**Data segment**
========================

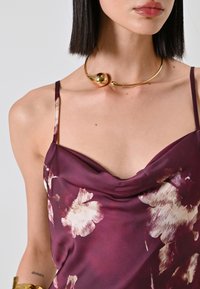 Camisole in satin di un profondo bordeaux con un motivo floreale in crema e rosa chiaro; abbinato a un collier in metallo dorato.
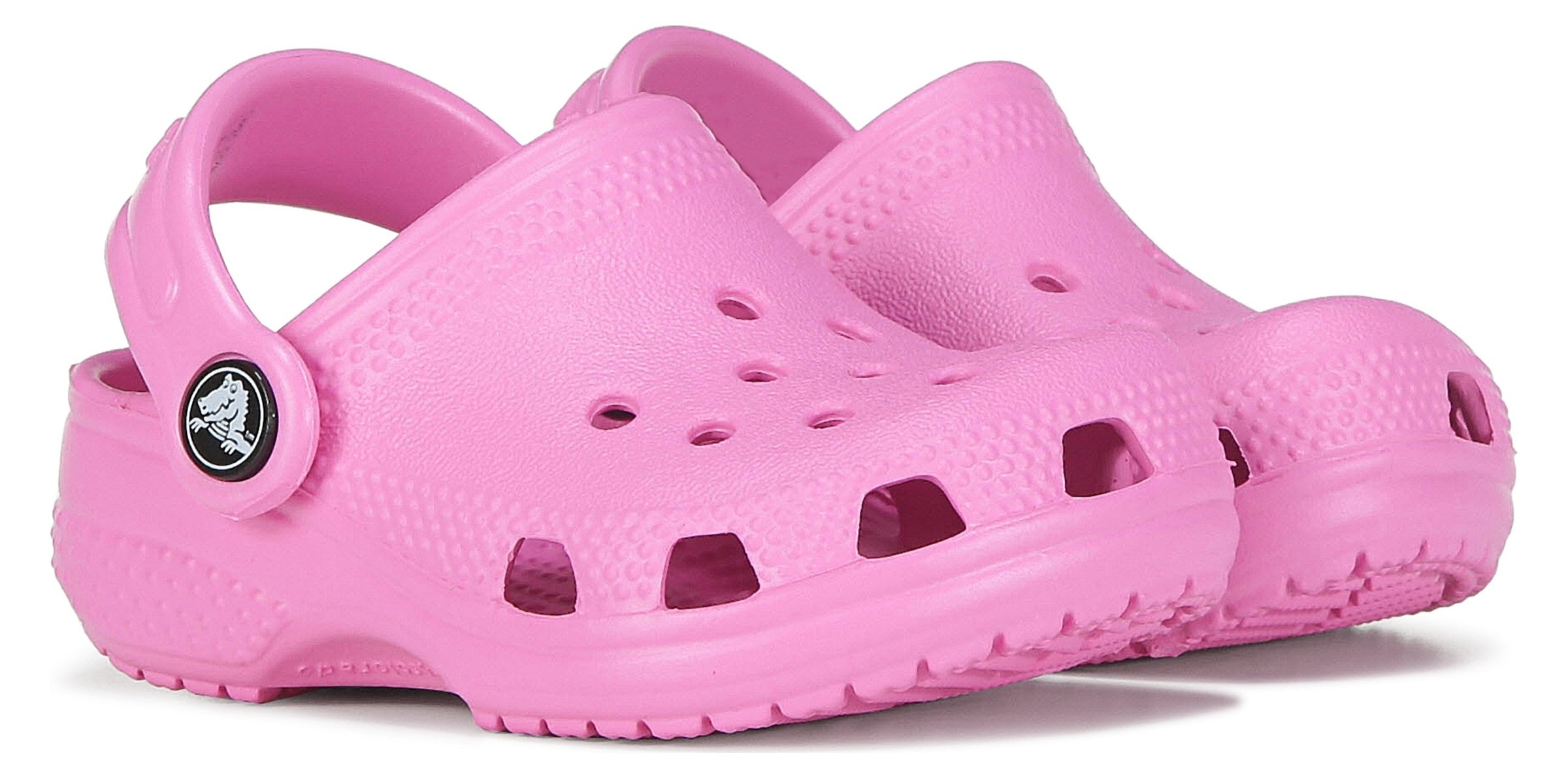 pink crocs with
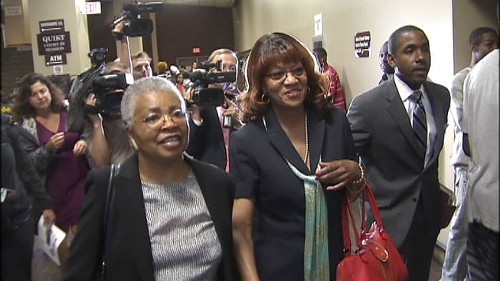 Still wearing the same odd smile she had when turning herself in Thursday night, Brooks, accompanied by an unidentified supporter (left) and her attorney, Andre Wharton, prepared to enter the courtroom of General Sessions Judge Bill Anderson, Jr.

========================

**Task requirements**
Exact copy, no pictures: please print the data above once more.

**Answer to this exercise**
 Camisole in satin di un profondo bordeaux con un motivo floreale in crema e rosa chiaro; abbinato a un collier in metallo dorato.
 pink crocs with
 Still wearing the same odd smile she had when turning herself in Thursday night, Brooks, accompanied by an unidentified supporter (left) and her attorney, Andre Wharton, prepared to enter the courtroom of General Sessions Judge Bill Anderson, Jr.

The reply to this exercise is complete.